Bank accounts also come with an added layer of safety, up to a point. With the signing of the Dodd-Frank Act into law in July 2010, the FDIC protection limit was permanently raised to $250,000.

Here's a subtle but important point from the fine print. The FDIC limit isn't "per person, per bank," as is sometimes stated. It's "per depositor, per insured depository institution for each account ownership category," according to the FDIC's website.

What's an account ownership category? It has nothing to do with whether the funds are put in savings, checking or money market accounts. It has to do with the title of the account. Individual accounts all contribute toward the same limit, so a saver with $100,000 in checking and $150,000 in savings at the same bank has maxed out his protection as an individual there.
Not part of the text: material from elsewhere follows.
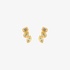 Gold  Set Fancy Yellow Diamonds multi cuts stud earrings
But that same saver may hold an additional $250,000 in an individual retirement account at the same bank, because IRAs fall under a different type of ownership. The same goes for joint accounts -- and the FDIC limits are doubled for those.
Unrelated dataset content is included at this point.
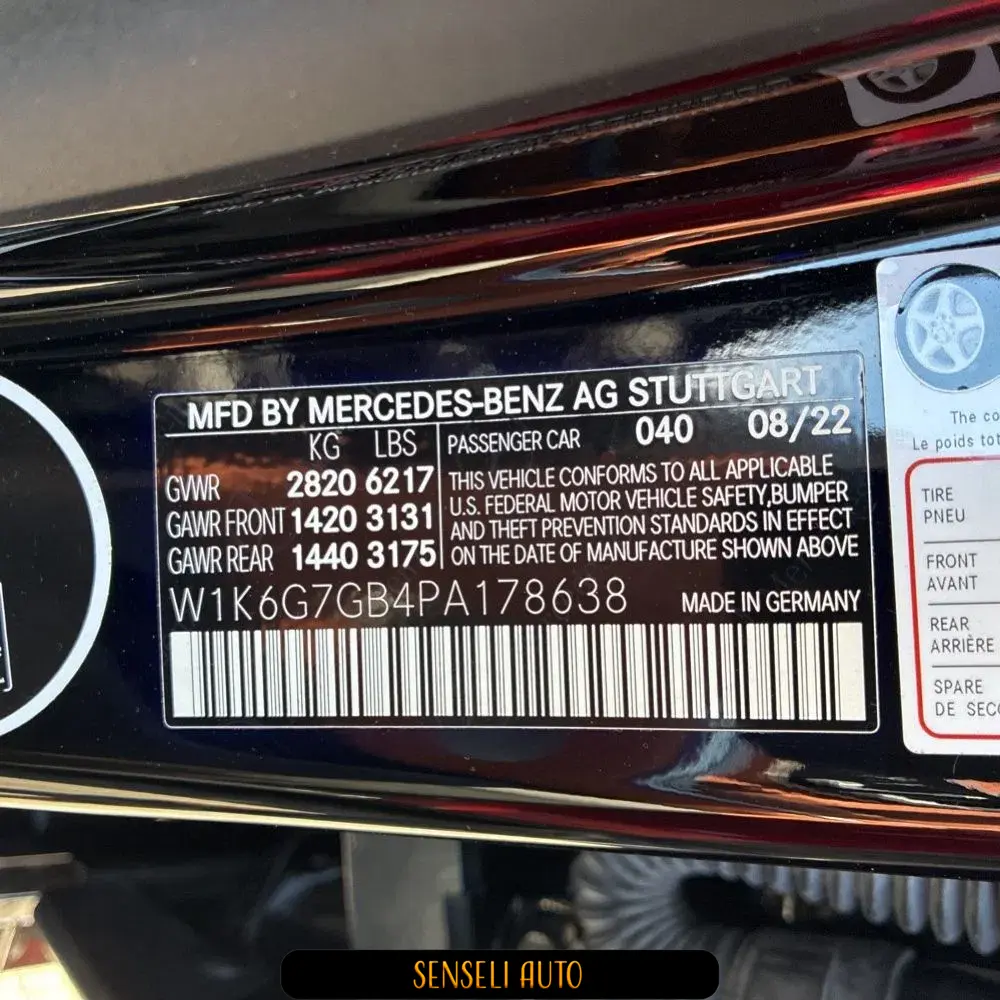 2023 Mercedes-Benz S-Class S 580 4MATIC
Martin Becker, senior consumer affairs specialist at the FDIC, offers the following example of how a family of five can stretch their protection limit to $3.5 million -- at a single bank.

Suppose a husband and wife each have individual accounts and IRAs worth $250,000 apiece, plus a joint account with $500,000. That's $1.5 million.

The husband opens a revocable trust with his wife as beneficiary, worth $250,000. He gets the earnings on the money while he's alive, she gets the money when he dies and he can alter the terms of the trust in the future.

The trust has its own $250,000 FDIC limit. The wife, naturally, opens her own revocable trust with her husband as beneficiary, with another $250,000. That brings the family's total coverage to $2 million.

Here's the big one: The husband and wife open a revocable trust with their children as beneficiaries.

With joint accounts you simply "count heads" to determine the coverage, says Mr. Becker. But with a revocable trust you multiply the grantors by the beneficiaries. That's two grantors times three kids, times $250,000 of coverage apiece, which equals $1.5 million.

Grand total: $3.5 million in FDIC coverage.

Savers can open revocable trusts simply by asking about "payable on death" accounts at their banks.

"Informal revocable trusts are fine for someone with a simple estate planning objective, like splitting their money among their kids," says Mr. Becker. "Someone with more complicated goals, like providing ongoing care for a child with special needs, should see an attorney to create a formal trust."

Of course, the example is theoretical. Not all savers happen to have three kids, and not all of them have large IRA accounts for both husband and wife. Also, investors may want to distribute money among more than one bank, even if they're under the FDIC limit. In the event of a bank failure, after all, there may be a wait for the FDIC to make good on deposits.

"Just because there's a safety net doesn't mean you should be careless on the trampoline," says Peter Crane, president of Crane Data, which tracks money market funds.

Also, families with more than six beneficiaries receiving $2.5 million or more with unequal allocations should contact the FDIC, says Mr. Becker, because special formulas apply.

Of course, here's a formula that applies to everyone: short-term savings yields minus the rate of inflation (3% over the past year) leave less than zero.

So while it's possible to protect a large cash deposit from bank failure in the short term, doing so won't necessarily shield it from a gradual erosion of buying power over the long term.